Related Provision:

Sec 244, Cr.P.C.- 

244. Evidence for prosecution.

(1) When, in any warrant- case instituted otherwise than on a police report, the accused appears or is brought before a Magistrate, the Magistrate shall proceed to hear the prosecution and take all such evidence as may be produced in support of the prosecution.
(2) The Magistrate may, on the application of the prosecution, issue a summons to any of its witnesses directing him to attend or to produce any document or other thing.
Sec 246(2), Cr.P.C.- 

The evidence of any remaining witnesses for the prosecution shall next be taken, and after cross-examinationm and re-examination (if any), they shall also be discharged.


In Sec. 244(1), the expression used is ‘the Magistrate shall proceed to hear the prosecution and take all such evidence as may be produced in support of the prosecution’..

Similarly, the sub-section (6) of Sec 246, Cr.P.C. reads “The evidence of any remaining witnesses for the prosecution shall next be taken, and after cross-examinationm and re-examination (if any), they shall also be discharged.

The expression used as, `the evidence of any remaining witnesses for the prosecution shall next be taken,’. Therefore, the Magistrate has discretion, before he closes the trial, to summon the witnesses if it advances the  cause of justice. The discretion which has been conferred on the Magistrate under Section 244(2) and Section 246(6), Cr.P.C. should be used in appropriate cases for reasons to be recorded. The discretion should not be used fancifully and for a mala fide purpose to harass the accused. It is quite possible that sometimes when the complainant fails to substantiate the allegation, he may resort to dilatory tactics and thereby harass the accused by giving supplementary list to prolong the continuance of the case. This should be checked but in case it is found that in fact the application for summoning the additional witnesses is made for bona fide purpose and to substantiate the allegations made in the complaint, then the Magistrate may exercise such power in appropriate case.

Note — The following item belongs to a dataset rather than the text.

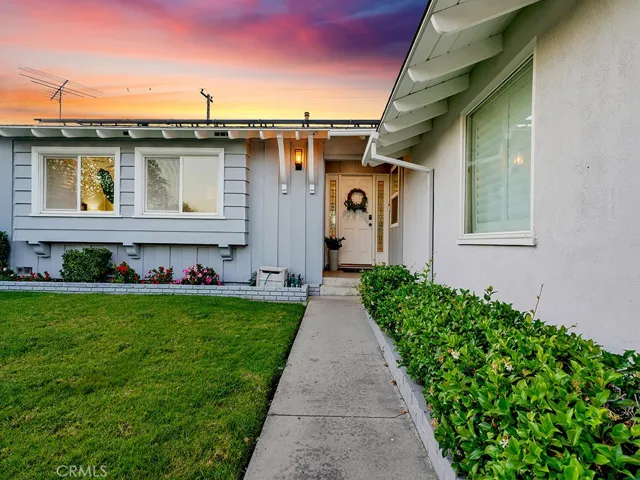 4273 W Oak Avenue, Fullerton, California 92833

Madras High Court, in S.Vivekanantham v. R. Viswanathan & Ors.2, observed as follows:

“Section 244 is wide enough to give power to a Court to accept a supplemental or additional list of witnesses given by a complainant and to issue summons to them and record their evidence. Nowhere the section lays down that the complainant will not be entitled to file a supplemental list of witnesses nor the Court empowered to entertain such a list and examine one or more of the witnesses cited therein. Though Section 204(2) of the new Code prescribes that no summons or warrant shall be issued against the accused under sub-section (1) until a list of the prosecution witnesses has been filed, that cannot be taken to mean that a complainant is irretrievably chained to the first list of witnesses filed by him and he cannot seek the permission of the court to examine additional witnesses even where circumstances or interests of justice warrant such examination. To hold otherwise would actually lead to grave injustice and hardships to complainants.”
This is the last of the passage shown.